Is it worth it to start with a minimum 500?

Hello all!
I’m a 20+ year linux admin and developer. Not at all unfamiliar with crypto, but new to the vast world of crypto/PoS, and I also just started small time mining. Just been watching on sidelines for years until recently. I’m quickly realizing mining is not the best way for long term, but I like it, I’m a tech and I can do it in my garage on my own. I definitely want to work towards running my own staking pool here, I’m just not sure its worth it with a minimum stake of 500 ADA. I have many questions, but here’s a start.

The calculators I see don’t work if you put in 500. I need some minimum numbers so it makes sense to start a pool and build from there. The problem is, I’d run a google cloud server, and running this with 8G of ram is not going to be cheap. I don’t mind running on my own a few months, but it would need delegators (the money people) from what I understand. I’m not a marketing person. I run dev on web sites all the time, so that’s no issue, but being a social person and marketing my pool, that’s not me.

So I need help understanding rewards, just some low end ball park numbers here. Say I put in my 500 ADA. Then I manage to get a few delegators with say 500,000 ADA ea.

Each 5 days (about) I get a 340 ADA fee ? OR is that per year? (no way does that cover costs!)

But then there’s a block rewards with that 2x 500,000 ADA (plus my 500), which pays about 5% a year rate? Or 5% that block/epoch. (I realize that’s IF the pool wins lottery to do the work, so the pool may sit there for weeks with nothing)

Also, I know there’s a margin I can set on the pool. so maybe I have a 5% fee. Is that 5% per year? (5% / 12 then?)

Anyway, take the 1,000,500 ADA , we get a hit, and the reward is 5% of that, plus the 5% margin fee?

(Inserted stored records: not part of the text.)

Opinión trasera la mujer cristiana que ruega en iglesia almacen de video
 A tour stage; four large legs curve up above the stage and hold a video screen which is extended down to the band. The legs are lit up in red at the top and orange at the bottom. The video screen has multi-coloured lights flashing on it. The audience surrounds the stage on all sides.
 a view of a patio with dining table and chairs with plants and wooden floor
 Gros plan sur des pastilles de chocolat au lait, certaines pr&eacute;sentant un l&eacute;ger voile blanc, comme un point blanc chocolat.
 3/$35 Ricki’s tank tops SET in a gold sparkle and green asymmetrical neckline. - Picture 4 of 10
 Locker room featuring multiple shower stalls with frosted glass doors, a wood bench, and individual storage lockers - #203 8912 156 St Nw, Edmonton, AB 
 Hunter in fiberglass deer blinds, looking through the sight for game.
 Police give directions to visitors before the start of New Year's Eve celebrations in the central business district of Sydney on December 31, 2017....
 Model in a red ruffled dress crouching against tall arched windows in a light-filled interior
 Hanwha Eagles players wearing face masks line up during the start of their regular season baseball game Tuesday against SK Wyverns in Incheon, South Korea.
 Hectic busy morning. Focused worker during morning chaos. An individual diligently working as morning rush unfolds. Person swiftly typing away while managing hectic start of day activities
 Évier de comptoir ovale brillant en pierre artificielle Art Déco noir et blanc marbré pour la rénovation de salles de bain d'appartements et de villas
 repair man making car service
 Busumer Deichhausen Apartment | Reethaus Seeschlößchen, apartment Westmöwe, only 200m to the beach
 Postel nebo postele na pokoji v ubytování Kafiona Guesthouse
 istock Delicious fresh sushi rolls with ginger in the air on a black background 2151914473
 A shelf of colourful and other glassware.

I wish there were a nice graphical explanation, not from a “investors” point of view. I’m not a finance person. But give me formulas and numbers, and I can calculate fine. I just need a good example from a small investment perspective, ignoring costs of my pool, which I generally know already.

All this brings me to my main thought though. Seems like in order to be profitable, you’d need many millions in ADA delegated. Why would anyone with that kind of money trust me, just some tech, to manage their pool? I do understand though, that a delegator keeps their wallet and funding so its not at risk of my pool downtime (which there will be on occasion for updates, for security). But why me? if I had $1m to stake I’d pick corporate managed pools, not one from some guy. And with out that, there not enough pay for running my pool.

Also, is there any way to see all the pools with small stake out there? Are there many of them? Whats the ratio of pools to delegators? If there’s lots of empty pools, there’s no point in me starting another.

Sorry my questions are probably confusing and all over the place, but I really appreciate any help.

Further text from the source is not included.